Knowledge Ingestion Service
Overview
The IB-X Knowledge Ingestion Service is an enterprise-grade semantic ingestion and retrieval platform that enables Conversational Agents to consume organization-specific knowledge through semantic search and Retrieval-Augmented Generation (RAG).
The platform transforms structured, semi-structured, and unstructured content into semantically searchable knowledge that can later be retrieved by Conversational Agents during conversation.
The Knowledge Ingestion Service supports:
- Website ingestion
- File-based ingestion
- Semantic chunk generation
- Embedding generation
- Vector-based retrieval
- Relationship mapping
- Agent-specific knowledge isolation
The service operates as a dedicated background processing component within the IB-X ecosystem and integrates directly with Conversational Agents.
Purpose
The Knowledge Ingestion Service allows organizations to build AI-driven conversational experiences grounded in their own enterprise knowledge.
Instead of relying only on foundational model knowledge, Conversational Agents can retrieve semantically relevant information from:
- Websites
- Documents
- Technical references
- FAQs
- Product information
- Knowledge repositories
This enables organizations to build:
- Enterprise AI assistants
- Knowledge-driven conversational experiences
- AI-powered support systems
- Product knowledge assistants
- Technical documentation assistants
- Semantic search experiences
Agent-Specific Knowledge Model
Knowledge ingestion in IB-X is Agent-specific.
Each Agent maintains its own:
- Knowledge sources
- Ingestion runs
- Semantic embeddings
- Retrieval context
- Specialized collections
Knowledge ingested for one Agent is isolated from other Agents and is accessible only to the owning Conversational Agent.
This architecture improves:
- Retrieval relevance
- Knowledge ownership
- Domain specialization
- Security boundaries
- Conversational accuracy
High-Level Architecture
The Knowledge Ingestion platform processes content through multiple semantic processing stages.
Source Content
↓
Knowledge Ingestion Service
↓
Content Extraction
↓
Semantic Chunking
↓
Embedding Generation
↓
Vector Storage
↓
Conversational Agent Retrieval
The platform combines:
- Relational metadata storage
- Semantic vector storage
- Graph relationship storage
- AI-powered retrieval orchestration
to provide enterprise-grade semantic retrieval experiences.
For more information about the processing pipeline, storage model, retrieval architecture, and infrastructure components, refer to the Architecture documentation.
Supported Ingestion Sources
The platform currently supports the following ingestion source types.
| Source Type | Description |
|---|---|
| Website URL | Crawl and ingest website content |
| File Upload | Upload and process supported files |
Supported Content Types
The ingestion engine can process multiple content formats.
Supported content types currently include:
- text
- image
- document
Semantic Retrieval
During conversation, Conversational Agents perform semantic retrieval against their associated knowledge space.

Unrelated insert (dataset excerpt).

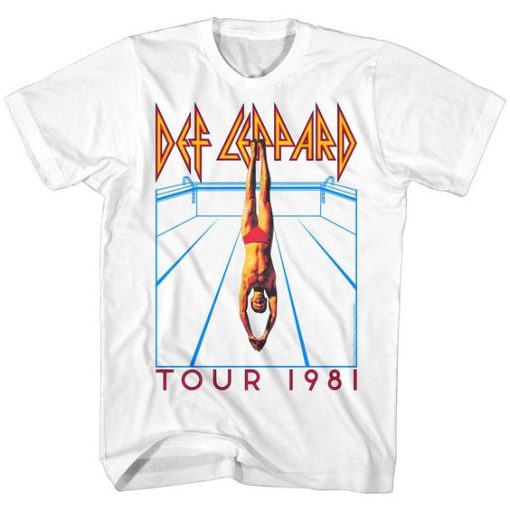 Def Leppard tour 1981 t-shirt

The retrieval process typically includes:
- Semantic similarity search
- Embedding retrieval
- Context extraction
- AI grounding
- Response generation
This architecture enables Retrieval-Augmented Generation (RAG) experiences within the IB-X platform.
For more information about semantic retrieval, Agent-specific knowledge isolation, and Retrieval-Augmented Generation (RAG) workflows, refer to the Conversational Agent Integration documentation.

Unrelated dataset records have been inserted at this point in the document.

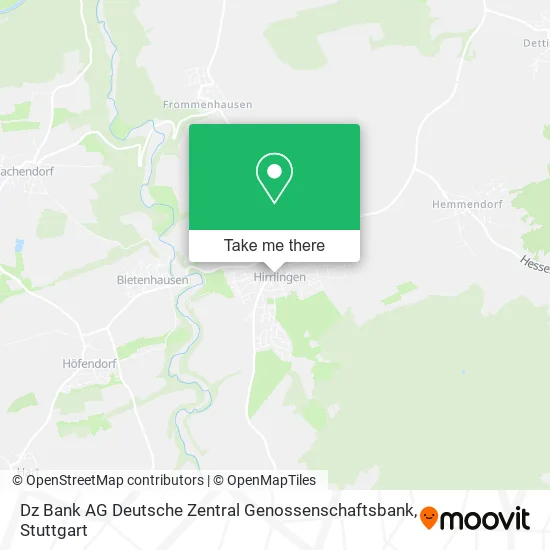 Карта Dz Bank AG Deutsche Zentral Genossenschaftsbank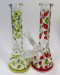 10'' Mix Fruit Decal Beaker Base Water Pipe With Down stem & Bowl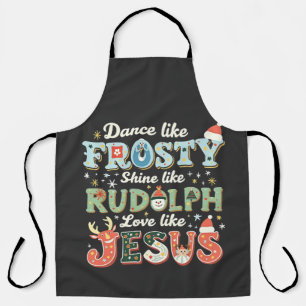 Delantal Bailar como un Shine helado como Rudolph Love Like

Infrastructure Components and Administration
The Knowledge Ingestion platform consists of multiple infrastructure components that work together to support semantic ingestion, embedding generation, retrieval orchestration, and relationship mapping.
The infrastructure configuration is managed globally from the root tenant while the ingested knowledge itself remains Agent-specific.
| Component | Responsibility |
|---|---|
| Relational Database | Operational metadata storage |
| Vector Store | Semantic embedding storage |
| Graph Database | Relationship and traversal storage |
| External Services | Embedding and orchestration services |
| Image Extraction Engine | OCR and semantic image extraction |
Knowledge Ingestion Service infrastructure is configured globally through the root tenant administration experience.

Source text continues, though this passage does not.